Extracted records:
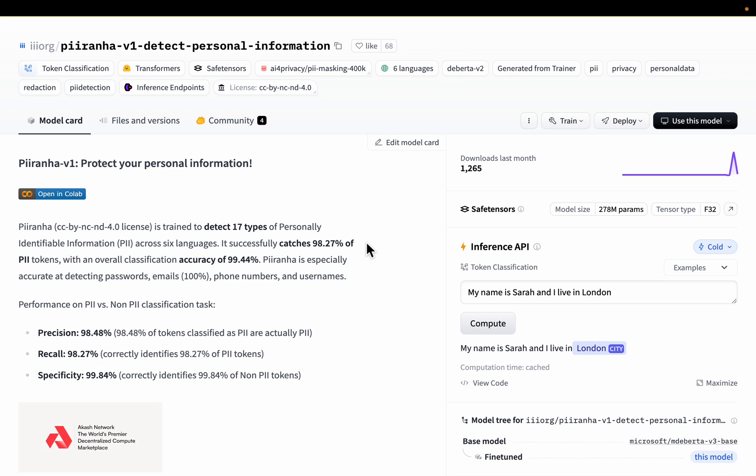One of the questions I am frequently asked is around PII, personally identifiable information, and privacy in LLM applications. We have a framework called Presidio from Microsoft which is based on named entity recognition and regex patterns.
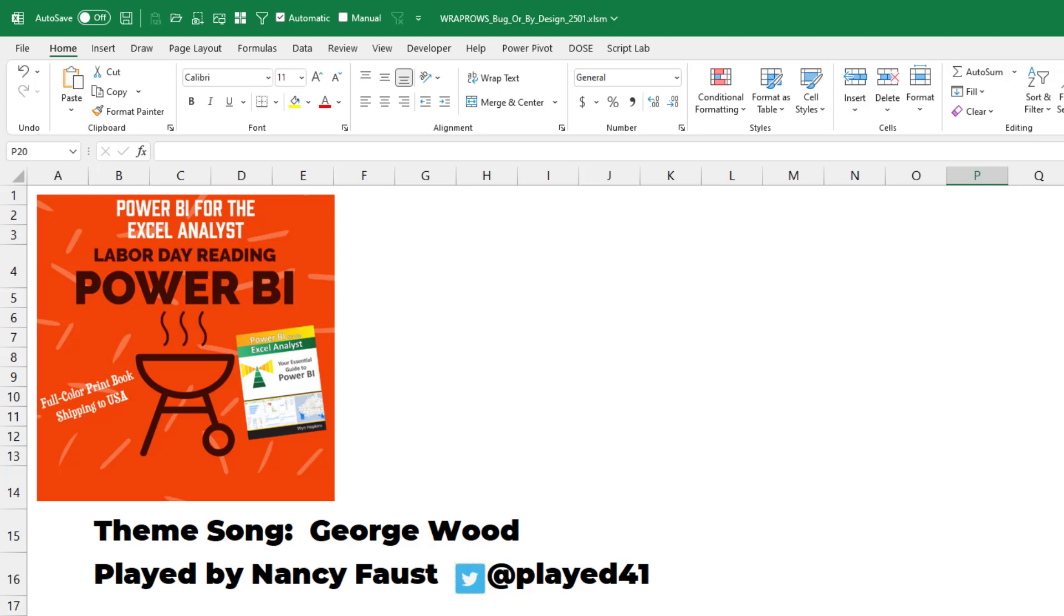I want to thank you for stopping by. We'll see you next time for another netcast from MrExcel.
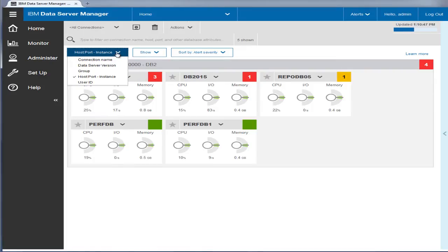You can display your databases in different ways, such as by connection name, DB2 version, instance, user ID, or your own custom grouping.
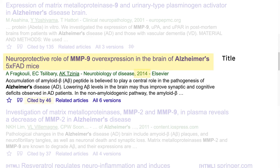You can see the title, the date it was published, and how many times it was cited. If the paper you're reading was published a long time ago, it's unlikely to have information that will be particularly useful for you. Since different research areas are advancing at different speeds, the cutoff date can vary for what is considered too old to still be relevant.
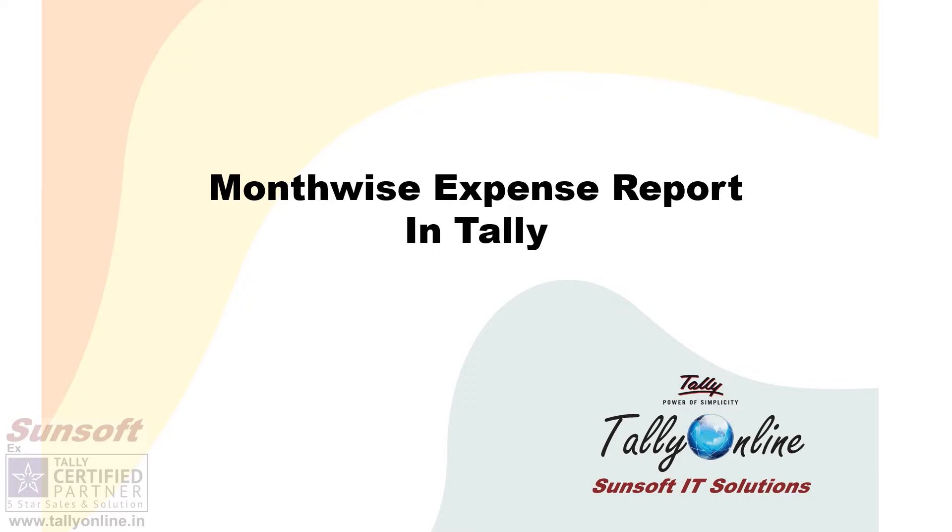Hello friends, this is your host Sunny Bhatia from Tally Online. Today our free add-on is the monthwise expense report in Tally.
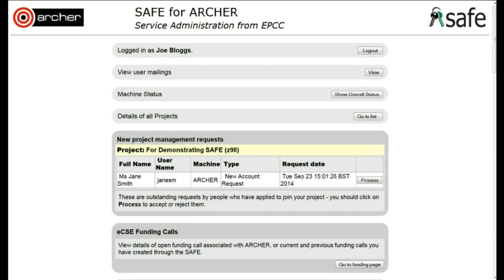Approving a new member joining your project. As a PI or project manager, when you log in, you may see new project management requests. In this case, Ms. Jane Smith has requested to join your project, Z98.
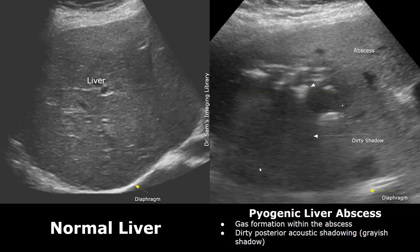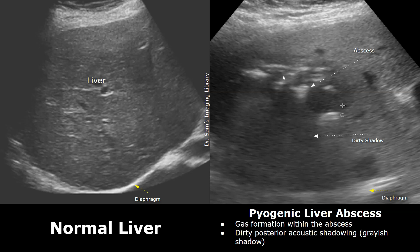A pyogenic abscess may also present with gas. A gas-filled abscess will show a hyperechoic area followed by dirty posterior acoustic shadowing. Dirty shadowing appears behind a gas-filled structure and this shadow will have a gray color. A clean shadow is seen behind very dense structures such as stones, and those shadows are completely black. This shadow is gray in color, so it tells us that it's behind a gas-filled structure.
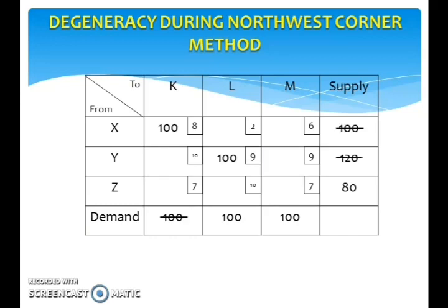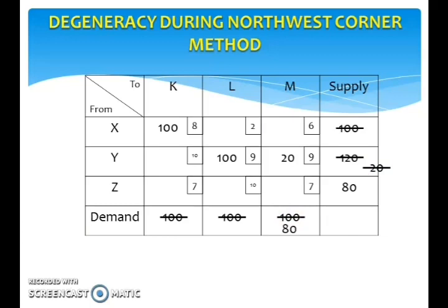Thus the supply is left with 20 units and the demand is satisfied. Now move to the next square. The demand is satisfied, so move to the right. Look at the supply value in the corresponding row and the demand value in the corresponding column and choose the lowest value. Here the supply value is 20 and the demand value is 100, so write 20 here. Thus the supply is finished and the demand is left with 80 units.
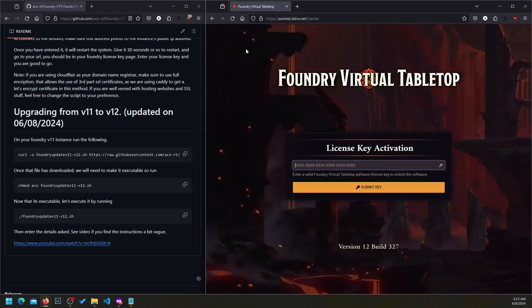And there you go, we have version 12. I'm still traveling, so I apologize for the mic issues. Hopefully this helped you. Cheers.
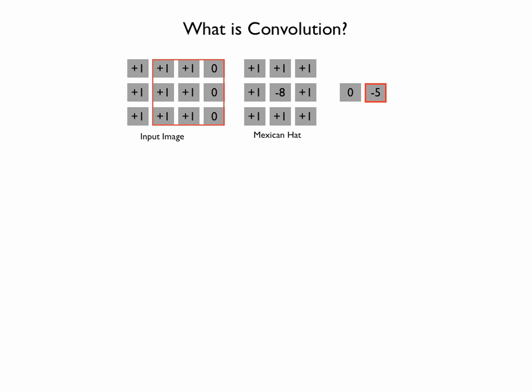You can see from this small example that when the pixels are uniform, the edge detector gives the 0 value. Whereas when there is an edge, it doesn't give 0. This is how it detects edges.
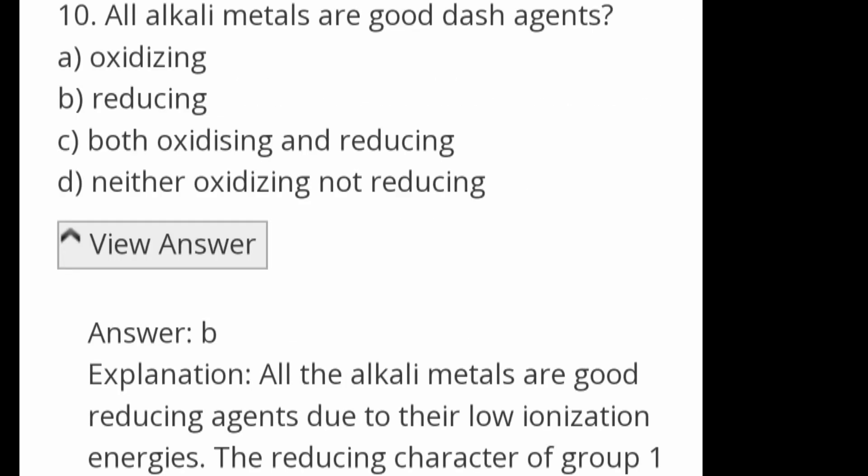All alkali metals are good dash agents. Options: oxidizing agents, reducing agents, both oxidizing and reducing, neither. Answer: reducing agents. All the alkali metals are good reducing agents due to their low ionization energy.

◆ TO DO: Copy out every line of the data above, taking care to leave the pictures out.

◆ ANSWER TO THIS PROBLEM:
One of the questions I am frequently asked is around PII, personally identifiable information, and privacy in LLM applications. We have a framework called Presidio from Microsoft which is based on named entity recognition and regex patterns.
I want to thank you for stopping by. We'll see you next time for another netcast from MrExcel.
You can display your databases in different ways, such as by connection name, DB2 version, instance, user ID, or your own custom grouping.
You can see the title, the date it was published, and how many times it was cited. If the paper you're reading was published a long time ago, it's unlikely to have information that will be particularly useful for you. Since different research areas are advancing at different speeds, the cutoff date can vary for what is considered too old to still be relevant.
Hello friends, this is your host Sunny Bhatia from Tally Online. Today our free add-on is the monthwise expense report in Tally.
Approving a new member joining your project. As a PI or project manager, when you log in, you may see new project management requests. In this case, Ms. Jane Smith has requested to join your project, Z98.
A pyogenic abscess may also present with gas. A gas-filled abscess will show a hyperechoic area followed by dirty posterior acoustic shadowing. Dirty shadowing appears behind a gas-filled structure and this shadow will have a gray color. A clean shadow is seen behind very dense structures such as stones, and those shadows are completely black. This shadow is gray in color, so it tells us that it's behind a gas-filled structure.
Thus the supply is left with 20 units and the demand is satisfied. Now move to the next square. The demand is satisfied, so move to the right. Look at the supply value in the corresponding row and the demand value in the corresponding column and choose the lowest value. Here the supply value is 20 and the demand value is 100, so write 20 here. Thus the supply is finished and the demand is left with 80 units.
And there you go, we have version 12. I'm still traveling, so I apologize for the mic issues. Hopefully this helped you. Cheers.
You can see from this small example that when the pixels are uniform, the edge detector gives the 0 value. Whereas when there is an edge, it doesn't give 0. This is how it detects edges.
All alkali metals are good dash agents. Options: oxidizing agents, reducing agents, both oxidizing and reducing, neither. Answer: reducing agents. All the alkali metals are good reducing agents due to their low ionization energy.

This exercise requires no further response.